In the Heat of the Night

The Mirisch Corporation
Director: Norman Jewison
Length: 100 min.
Format: DVD
Date Viewed: 14 February

It's hard to say exactly why In the Heat of the Night works as a whole. Certainly with this film, the sum is greater than it's parts.

The acting is pretty good overall, with Poitier dominating the screen through his rich performance as Virgil Tibbs. Steiger is good as redneck Sheriff Gillespie, but is sometimes a little prone to using stereotypes. The supporting cast is generally pretty good, but, outside of the reliable Warren Oates, hardly noteworthy.
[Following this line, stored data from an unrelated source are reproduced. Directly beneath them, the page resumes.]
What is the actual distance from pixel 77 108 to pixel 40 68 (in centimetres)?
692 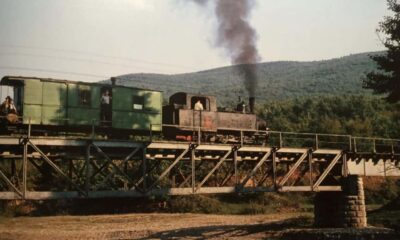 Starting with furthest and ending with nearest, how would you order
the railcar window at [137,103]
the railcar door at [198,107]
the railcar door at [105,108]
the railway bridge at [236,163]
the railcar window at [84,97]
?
1. the railcar door at [198,107]
2. the railcar window at [137,103]
3. the railcar door at [105,108]
4. the railcar window at [84,97]
5. the railway bridge at [236,163]

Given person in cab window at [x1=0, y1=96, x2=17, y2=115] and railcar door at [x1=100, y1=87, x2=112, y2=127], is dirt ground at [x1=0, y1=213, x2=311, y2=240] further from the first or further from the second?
person in cab window at [x1=0, y1=96, x2=17, y2=115]

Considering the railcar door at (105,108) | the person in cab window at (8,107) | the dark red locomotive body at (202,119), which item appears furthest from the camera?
the dark red locomotive body at (202,119)

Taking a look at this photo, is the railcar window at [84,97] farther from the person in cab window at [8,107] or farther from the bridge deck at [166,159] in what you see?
the person in cab window at [8,107]

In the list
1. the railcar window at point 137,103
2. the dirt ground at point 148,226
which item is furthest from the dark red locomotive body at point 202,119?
the dirt ground at point 148,226

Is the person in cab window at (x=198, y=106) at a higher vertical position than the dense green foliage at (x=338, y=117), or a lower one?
lower

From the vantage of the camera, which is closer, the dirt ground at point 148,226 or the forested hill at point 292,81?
the dirt ground at point 148,226

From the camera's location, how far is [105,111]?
2278cm

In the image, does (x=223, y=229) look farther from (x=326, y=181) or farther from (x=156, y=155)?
(x=156, y=155)

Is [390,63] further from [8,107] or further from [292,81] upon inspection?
[292,81]

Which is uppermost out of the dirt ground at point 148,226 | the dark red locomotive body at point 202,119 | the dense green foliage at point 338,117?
the dense green foliage at point 338,117

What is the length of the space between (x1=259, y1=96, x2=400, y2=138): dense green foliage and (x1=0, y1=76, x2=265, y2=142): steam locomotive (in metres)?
44.3

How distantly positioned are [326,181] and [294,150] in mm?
4661

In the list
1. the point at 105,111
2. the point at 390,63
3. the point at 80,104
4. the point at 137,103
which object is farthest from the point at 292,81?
the point at 80,104

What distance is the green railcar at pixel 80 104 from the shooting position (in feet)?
68.7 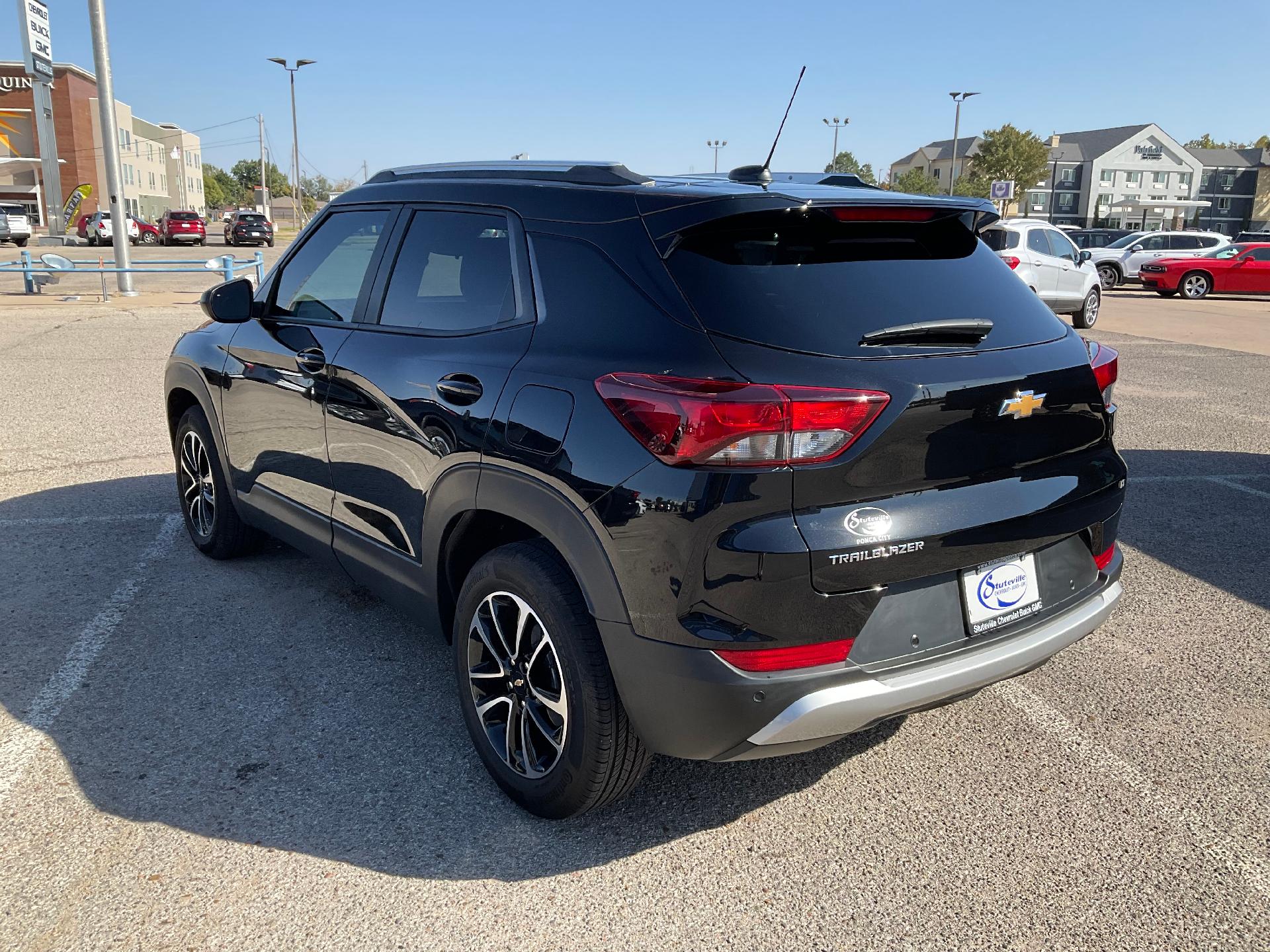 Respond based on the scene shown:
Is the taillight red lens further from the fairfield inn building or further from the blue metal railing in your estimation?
the fairfield inn building

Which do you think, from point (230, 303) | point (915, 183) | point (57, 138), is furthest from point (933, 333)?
point (915, 183)

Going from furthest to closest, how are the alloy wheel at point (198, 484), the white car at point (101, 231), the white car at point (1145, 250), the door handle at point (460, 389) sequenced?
the white car at point (101, 231) < the white car at point (1145, 250) < the alloy wheel at point (198, 484) < the door handle at point (460, 389)

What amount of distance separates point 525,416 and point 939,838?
5.47 feet

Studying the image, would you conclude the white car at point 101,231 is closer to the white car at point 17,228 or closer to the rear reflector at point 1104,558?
the white car at point 17,228

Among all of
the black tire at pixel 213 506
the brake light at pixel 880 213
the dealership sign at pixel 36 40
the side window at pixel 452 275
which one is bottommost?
the black tire at pixel 213 506

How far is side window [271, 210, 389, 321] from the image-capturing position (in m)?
3.68

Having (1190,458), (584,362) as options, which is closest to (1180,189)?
(1190,458)

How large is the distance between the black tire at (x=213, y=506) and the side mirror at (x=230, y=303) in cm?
74

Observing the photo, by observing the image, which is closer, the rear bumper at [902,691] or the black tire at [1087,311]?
the rear bumper at [902,691]

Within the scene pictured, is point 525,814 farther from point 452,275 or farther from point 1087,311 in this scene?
point 1087,311

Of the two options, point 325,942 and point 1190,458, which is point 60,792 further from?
point 1190,458

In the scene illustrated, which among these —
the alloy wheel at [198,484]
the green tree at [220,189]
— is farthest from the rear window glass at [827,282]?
the green tree at [220,189]

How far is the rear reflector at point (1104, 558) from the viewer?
298 cm

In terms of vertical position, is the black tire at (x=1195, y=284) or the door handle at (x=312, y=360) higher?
the door handle at (x=312, y=360) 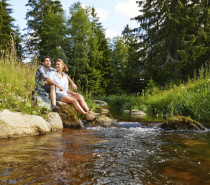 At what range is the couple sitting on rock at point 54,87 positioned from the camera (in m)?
5.15

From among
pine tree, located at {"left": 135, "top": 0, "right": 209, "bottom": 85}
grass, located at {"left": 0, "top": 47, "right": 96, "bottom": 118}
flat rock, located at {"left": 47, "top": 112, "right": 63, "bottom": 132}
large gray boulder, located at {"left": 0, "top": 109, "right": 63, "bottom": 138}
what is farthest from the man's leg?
pine tree, located at {"left": 135, "top": 0, "right": 209, "bottom": 85}

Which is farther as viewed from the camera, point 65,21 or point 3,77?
point 65,21

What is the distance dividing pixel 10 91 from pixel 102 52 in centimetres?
2023

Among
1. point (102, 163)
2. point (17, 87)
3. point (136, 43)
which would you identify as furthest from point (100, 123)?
point (136, 43)

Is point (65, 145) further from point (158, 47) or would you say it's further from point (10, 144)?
point (158, 47)

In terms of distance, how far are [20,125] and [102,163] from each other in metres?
2.24

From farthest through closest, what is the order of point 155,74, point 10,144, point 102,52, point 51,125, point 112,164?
point 102,52
point 155,74
point 51,125
point 10,144
point 112,164

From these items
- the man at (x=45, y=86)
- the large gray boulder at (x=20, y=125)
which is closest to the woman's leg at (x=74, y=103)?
the man at (x=45, y=86)

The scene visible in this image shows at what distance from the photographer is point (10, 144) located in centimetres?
315

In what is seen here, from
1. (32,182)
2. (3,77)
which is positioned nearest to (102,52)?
(3,77)

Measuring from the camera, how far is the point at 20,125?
12.8ft

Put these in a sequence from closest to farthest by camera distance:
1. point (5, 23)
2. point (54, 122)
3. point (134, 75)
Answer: point (54, 122)
point (134, 75)
point (5, 23)

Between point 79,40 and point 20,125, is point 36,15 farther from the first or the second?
point 20,125

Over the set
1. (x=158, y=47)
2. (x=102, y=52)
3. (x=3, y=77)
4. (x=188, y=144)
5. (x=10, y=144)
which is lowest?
(x=188, y=144) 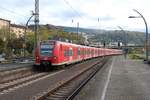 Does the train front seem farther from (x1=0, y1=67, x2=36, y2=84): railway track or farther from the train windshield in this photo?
(x1=0, y1=67, x2=36, y2=84): railway track

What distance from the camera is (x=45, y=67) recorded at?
125 feet

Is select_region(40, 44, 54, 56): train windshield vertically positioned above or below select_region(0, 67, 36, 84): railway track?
above

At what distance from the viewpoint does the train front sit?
3653 cm

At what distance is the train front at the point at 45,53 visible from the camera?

The script is decent, but important themes of class division are brought up and then quickly forgotten, and the entire murder-mystery plot is so underwritten as to be unnecessary to the film; by the end, it's still unclear how exactly the mystery was solved. The editing also feels a little choppy. Throughout we get the feeling that certain parts have been removed to tighten up the picture, but it feels over-tightened as a result.

The only really solid attributes of the film are the cinematography by Haskell Wexler and the perfect production design, making a farm town in Illinois look like a dilapidated Southern town.

When all the parts are put together, though, they work rather well. It's easy to become immersed in the film, and like it once it's over. Perhaps it works so well because of its lack of pretentiousness. The film never claims to be destroying racism in a small town or even presenting us with something new (though it may have been an eye-opener for some Northerners, I imagine the racial elements were routine evening news fare by 1967). We understand that the town will not change after Tibbs leaves. Endicott will not get rid of his slave-like servants, the police will still be ineffectual, and racism will still prevail. This is the true realism of the film.